Nel 1906, anno di apertura del I° Congresso Internazionale di Medicina del Lavoro, si avviò una produzione legislativa che, affiancata al Codice Penale del 1930, al Codice Civile del 1942 e alla Costituzione della Repubblica Italiana, che fu promulgata il 27 dicembre 1947 entrando in vigore il 1° gennaio 1948, creò un’impalcatura legislativa, per quel tempo, abbastanza buona.

Il 1955 fu l’anno del cd. “boom economico” e con esso vi furono una serie di Decreti del Presidente della Repubblica, ora abrogati, che trattavano la prevenzione degli infortuni sul lavoro (D.P.R. 547/1955), le norme d’igiene del lavoro  (D.P.R. 303/1956) e altri testi legislativi.

Infatti, il concetto moderno della “sicurezza del lavoro” ha il suo esordio con la cd. Rivoluzione industriale “del terzo periodo” ovvero quello che inizia, come detto nel paragrafo precedente, nel 1970 con l’introduzione massiccia dell’elettronica, delle telecomunicazioni e dell’informatica.

Ma fin qui si ebbe una moltitudine di leggi che non erano “legate” in un corpus iuris che potesse dare un contributo efficace al Magistrato impegnato a rubricare un certo tipo di fatto reato, era quindi necessario avere un testo unico e forse i tempi erano maturi!

Sicurezza sul lavoro: la 626

Alla fine degli anni ottanta, si dovette dare attuazione alle direttive del Consiglio Europeo in materia di sicurezza e salute dei lavoratori e proprio in virtù di esse, precedute da vari Decreti del Presidente della Repubblica, nacque il D.Lgs 19/09/1994, n. 626.

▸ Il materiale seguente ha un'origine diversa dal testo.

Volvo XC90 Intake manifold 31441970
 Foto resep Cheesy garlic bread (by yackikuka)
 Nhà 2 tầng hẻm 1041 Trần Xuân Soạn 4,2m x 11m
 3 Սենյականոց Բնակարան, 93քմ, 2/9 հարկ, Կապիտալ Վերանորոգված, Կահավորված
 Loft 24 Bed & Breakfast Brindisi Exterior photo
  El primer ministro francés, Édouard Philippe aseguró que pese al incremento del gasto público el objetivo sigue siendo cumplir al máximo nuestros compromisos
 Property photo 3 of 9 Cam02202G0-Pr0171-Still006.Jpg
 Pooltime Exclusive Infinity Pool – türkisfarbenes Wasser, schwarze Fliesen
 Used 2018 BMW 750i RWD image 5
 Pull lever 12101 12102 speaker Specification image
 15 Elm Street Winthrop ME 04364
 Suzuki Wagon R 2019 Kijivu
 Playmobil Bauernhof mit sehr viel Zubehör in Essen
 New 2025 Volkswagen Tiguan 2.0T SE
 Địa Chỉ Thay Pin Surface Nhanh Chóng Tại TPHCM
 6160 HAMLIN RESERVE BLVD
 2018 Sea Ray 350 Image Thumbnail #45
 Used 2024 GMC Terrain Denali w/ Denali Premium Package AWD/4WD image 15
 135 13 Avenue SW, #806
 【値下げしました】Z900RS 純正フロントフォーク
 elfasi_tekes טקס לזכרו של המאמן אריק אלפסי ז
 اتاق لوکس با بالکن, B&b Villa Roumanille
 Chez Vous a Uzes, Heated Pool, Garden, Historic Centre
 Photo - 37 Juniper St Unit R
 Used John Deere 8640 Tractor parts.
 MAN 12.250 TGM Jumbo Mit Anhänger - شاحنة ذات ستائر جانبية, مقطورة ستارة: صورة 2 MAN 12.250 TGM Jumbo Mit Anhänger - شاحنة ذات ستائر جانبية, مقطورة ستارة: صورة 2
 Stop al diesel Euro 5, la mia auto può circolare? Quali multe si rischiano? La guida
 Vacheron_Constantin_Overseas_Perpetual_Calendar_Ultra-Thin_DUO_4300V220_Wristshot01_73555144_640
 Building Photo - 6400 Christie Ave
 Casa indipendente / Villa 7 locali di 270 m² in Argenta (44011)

Finalmente l’Italia ebbe il suo primo testo unico sulla salute e sicurezza nei luoghi di lavoro, presentandoci così una raccolta di norme che disciplinavano una materia “settoriale” in modo organico, ma che dopo una serie di vicissitudini, anche il D.L.vo 626/1994, fu abrogato dall’odierno D.Lgs 81/2008 attualmente in vigore.

Il decreto 81/2008

Il D.Lgs 81/2008 è suddiviso in 13 titoli. Quest’ultimi, dopo le disposizioni generali entrano nel merito dei luoghi di lavoro, trattano le attrezzature di lavoro e dei dispositivi di protezione individuale, attraversano tutta la disciplina con i vari rischi e con un titolo dedicato anche sulla protezione dalle ferite da taglio e da punta nel settore ospedaliero e sanitario, chiudendo con due appendici A e B e una serie di cinquantuno allegati.

Sin qui la storia della normativa sulla salute e sicurezza nei luoghi di lavoro. È vero, si tratta di una normativa complessa, a volte di non facile applicazione! Comunque sta a noi interpretarla migliorando la sicurezza di tutti coloro che partecipano all’attività lavorativa, sia pubblica sia privata.